Я семь лет была частью дороги и пейзажа, поэтому не находила ничего безумного в таком обычном деле, как пешее хождение. Правда, сначала, когда училась в первом классе, оно ограничивалось двумя километрами: утром километр к автобусной остановке на шоссе и вечером от шоссе обратно до дома. Позже, когда подросла, каждое утро шагала почти километр через лес, а затем четыре километра по шоссе до школы. Вообще-то совхозный автобус ежедневно отвозил детей в школу и привозил обратно, но отец не разрешал мне такое барство. Зимой бегала я в школу на лыжах. Лишь в восьмом классе стала ездить на велосипеде, который купил мне отец. Я считала, что такое спартанство не имело никакого смысла, но отец настоял на своем – иначе нет никакой пользы от того, что выросла в деревне. "Если с детских лет изнежишься, что же будет в старости? Сплошные мигрени и ломота в костях!" – рассуждал отец. Ему до сих пор никто не дает больше тридцати, хотя он был уже старик, когда я родилась. "Лес в старину был шубой бедняка, а теперь источник здоровья", – говорил отец. Мать, пожалуй, была не прочь, чтобы я ездила на автобусе – ведь все ребята ездили! – но она не хотела нарушать родительского согласия, опять-таки чисто педагогический прием, известное дело! Вообще-то отец оказался прав: болезни меня избегали. Но по утрам я с трудом продирала глаза и злилась на отца: другие ребята могли поспать еще целый час… Один-единственный раз – после гриппа – отец сам отвез меня в школу на мотоцикле…
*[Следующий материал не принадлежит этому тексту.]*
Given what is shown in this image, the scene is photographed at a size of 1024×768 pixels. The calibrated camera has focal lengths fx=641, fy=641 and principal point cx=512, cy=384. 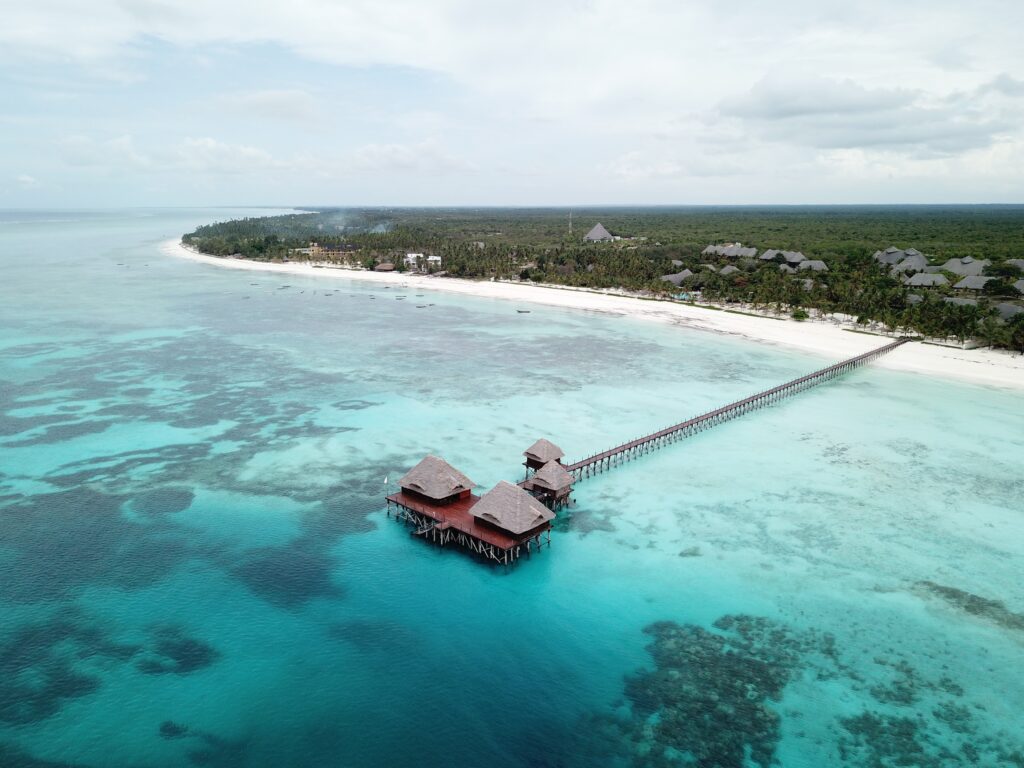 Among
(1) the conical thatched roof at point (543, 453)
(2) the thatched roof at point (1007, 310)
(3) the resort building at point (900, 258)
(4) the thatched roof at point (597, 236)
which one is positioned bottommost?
(1) the conical thatched roof at point (543, 453)

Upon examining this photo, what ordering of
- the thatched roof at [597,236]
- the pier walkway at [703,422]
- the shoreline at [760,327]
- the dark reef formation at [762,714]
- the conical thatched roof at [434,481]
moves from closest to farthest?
the dark reef formation at [762,714], the conical thatched roof at [434,481], the pier walkway at [703,422], the shoreline at [760,327], the thatched roof at [597,236]

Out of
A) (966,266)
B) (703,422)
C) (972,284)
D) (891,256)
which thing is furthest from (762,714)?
(891,256)

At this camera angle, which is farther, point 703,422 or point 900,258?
point 900,258

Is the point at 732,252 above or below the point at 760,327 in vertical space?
above

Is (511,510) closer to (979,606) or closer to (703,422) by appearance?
(979,606)

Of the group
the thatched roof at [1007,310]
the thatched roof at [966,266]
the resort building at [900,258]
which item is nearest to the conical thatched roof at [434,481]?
the thatched roof at [1007,310]

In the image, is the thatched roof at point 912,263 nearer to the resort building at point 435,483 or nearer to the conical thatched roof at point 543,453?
the conical thatched roof at point 543,453

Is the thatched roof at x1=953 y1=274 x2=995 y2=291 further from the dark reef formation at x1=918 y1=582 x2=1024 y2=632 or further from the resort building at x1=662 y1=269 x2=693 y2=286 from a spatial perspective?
the dark reef formation at x1=918 y1=582 x2=1024 y2=632

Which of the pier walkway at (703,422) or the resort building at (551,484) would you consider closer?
the resort building at (551,484) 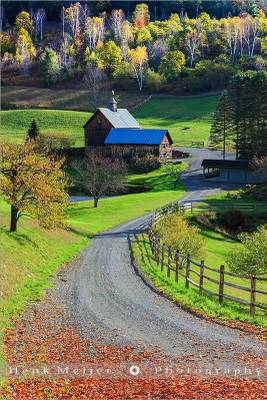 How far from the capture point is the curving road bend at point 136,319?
53.2 ft

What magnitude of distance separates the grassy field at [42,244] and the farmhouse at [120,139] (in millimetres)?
23942

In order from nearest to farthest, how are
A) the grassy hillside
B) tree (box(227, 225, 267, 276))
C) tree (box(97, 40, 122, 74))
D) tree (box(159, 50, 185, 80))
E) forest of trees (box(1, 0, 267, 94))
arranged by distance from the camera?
tree (box(227, 225, 267, 276)), the grassy hillside, forest of trees (box(1, 0, 267, 94)), tree (box(159, 50, 185, 80)), tree (box(97, 40, 122, 74))

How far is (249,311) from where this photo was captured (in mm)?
21281

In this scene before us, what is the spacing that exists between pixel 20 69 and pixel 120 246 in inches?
4729

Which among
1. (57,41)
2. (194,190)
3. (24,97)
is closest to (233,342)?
(194,190)

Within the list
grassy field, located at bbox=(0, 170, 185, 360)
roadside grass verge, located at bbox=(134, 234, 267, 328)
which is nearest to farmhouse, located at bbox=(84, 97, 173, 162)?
grassy field, located at bbox=(0, 170, 185, 360)

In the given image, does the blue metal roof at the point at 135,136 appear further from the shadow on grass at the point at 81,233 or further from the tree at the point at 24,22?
the tree at the point at 24,22

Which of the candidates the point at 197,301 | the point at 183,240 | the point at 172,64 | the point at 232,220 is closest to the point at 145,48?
the point at 172,64

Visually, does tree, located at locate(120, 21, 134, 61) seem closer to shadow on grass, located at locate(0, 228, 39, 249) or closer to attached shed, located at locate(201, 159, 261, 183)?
attached shed, located at locate(201, 159, 261, 183)

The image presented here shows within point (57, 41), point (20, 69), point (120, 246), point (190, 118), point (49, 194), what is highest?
point (57, 41)

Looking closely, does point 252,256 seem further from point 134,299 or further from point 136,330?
point 136,330

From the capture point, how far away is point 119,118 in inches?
3765

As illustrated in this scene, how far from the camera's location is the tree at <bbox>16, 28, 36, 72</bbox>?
484 ft

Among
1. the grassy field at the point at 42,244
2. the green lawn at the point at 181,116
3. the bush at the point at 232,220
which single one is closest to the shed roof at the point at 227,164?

 – Однажды, идя по лесной дороге, я вышла на пустошь, – рассказывала Стийна глухим, таинственным голосом. – Передо мной была голая, уходящая за горизонт равнина, два острых ствола деревьев на фоне синего неба. И вдруг у меня на глазах быстро взошла большая белая круглая луна, словно кто-то тащил ее по небу, словно это была особая луна, которая всходила только над этой пустошью… Это было как сновидение…

 – И ты не струхнула?

 – Нет, я как бы сделалась бесплотной, словно растворилась в этом сновидении.

У меня неожиданно возникло странное ощущение нереальности, и я, пожалуй, не удивилась бы, если бы увидела вдруг у Стийны длинные клыки и острые когти. Далеко над чернеющим лесом виднелась мертвенно-бледная луна, два придорожных дерева жалобно склонялись одно к другому, хотя ветра и не было. Никто не стал бы искать меня на далекой дороге в лесу, в таком месте, названия которого я даже не знала. Впереди чернел какой-то странный крест, похожий на знак умножения.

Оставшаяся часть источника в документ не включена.